A study published by The Lancet: Child & Adolescent Health suggested frequent social media use was associated with decreased mental health, as measured by responses to questions about psychological distress, happiness and anxiety. These feelings are inextricably linked to cyberbullying, a lack of sleep and a lack of exercise, all of which are mere by-products of having the two worlds combined, with our children becoming collateral damage.

Therapist Terry Gawthorpe holds the virtual world responsible for raising, what she believes to be, a generation largely under-developed in terms of emotional maturity and emotional resilience. She says, “My issue with these platforms is it gives people the confidence to do and say whatever they want. There’s a different level of consequence, rejection and celebration online. You need to develop emotional resilience and emotional maturity. But you can’t do that if you don’t make mistakes.”

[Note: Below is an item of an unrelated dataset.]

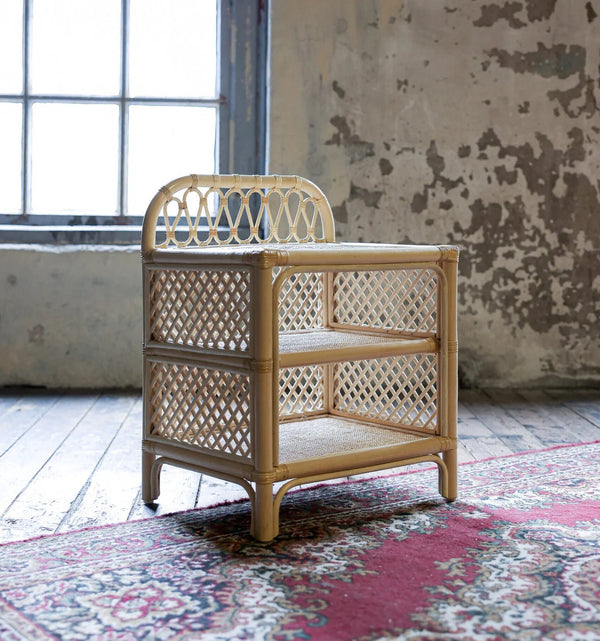 Rattan (bedside) table - Leo &amp; Moon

Terry further explains, “If they make a comment that a person might not like, they can readjust their response and deal with the consequences of something they’ve said and how it's made someone feel. They don’t have the ability to do that on social media, because they can’t see it. They can’t pick up on the behavioural nuances that you see in everyday life. How can you begin to put something right that you don’t know you got wrong? They're not using or developing crucial social skills.”

The government's Office of Communications (Ofcom) collated data from children aged 5-15 through 2020 - 2021. According to their research, 57% of 5-7 year olds own a tablet, 14% own a smartphone and 30% use a form of social media. As you can imagine, these numbers only grow. By the time they are 12-15, 91% own a smartphone, 87% use social media and 91% use messaging apps. These figures are testament to the levels of exposure children are accustomed to from such a premature age. It’s no surprise that they struggle with distinguishing between what is real and what is not, and how to engage properly in both worlds.

In the same research, Ofcom asked parents if they were aware of a minimum age requirement to have a profile on social media sites. Almost 90% said they were aware of this, yet less than 40% were able to recall the correct age.

Prior to the birth of Facebook, academics scratched the surface of what would come to be an irreversible change in the way our world functions. American academic Mark Prensky first

identified the gap between adults who were being introduced and adapting to the emergence of technology, and children growing up during the age of it in 2001. He dubbed adults “digital immigrants”, and children “digital natives”. He further explained: "As Digital Immigrants learn – like all immigrants, some better than others – to adapt to their environment, they always retain their ‘accent’.” Although the concept is dated, the foundations still stand today as all aspects of technology continue to evolve. The new challenge occurring is essentially a language barrier between the two populations. This is where parents find it difficult to engage with their children, and knowing what is okay and what is not in terms of media use and technology.

When asked why she doesn’t limit Jake’s screen time if she understands the negative impacts, Sam paused before simply saying, "I don’t want to make him upset”. She continued, "I don't understand what he's doing on it and it seems like his phone is a comfort to him. He’s dealt with a lot these past few years and I don’t want to add to that by isolating him from this world he feels so connected to.”

The gap in technological understanding between a parent and their child is inevitable and understandable. Although you may not be as enthralled with social media, this doesn’t mean there are not ways you can properly and effectively engage with your child to mitigate the harmful effects it can have, if not used in moderation.

When Terry Gawthorpe is with a struggling child, her first approach to help aid their recovery is to immerse herself into that child’s virtual world. She says, “You've got to understand it by going into the virtual world yourself and making that connection in order to pull the child out. You’ve then got to make those worlds merge by having a shared vocabulary. The other crucial thing is, you've got to restrict it. They need a balance between the virtual world and the real world. Parents really need to understand that.”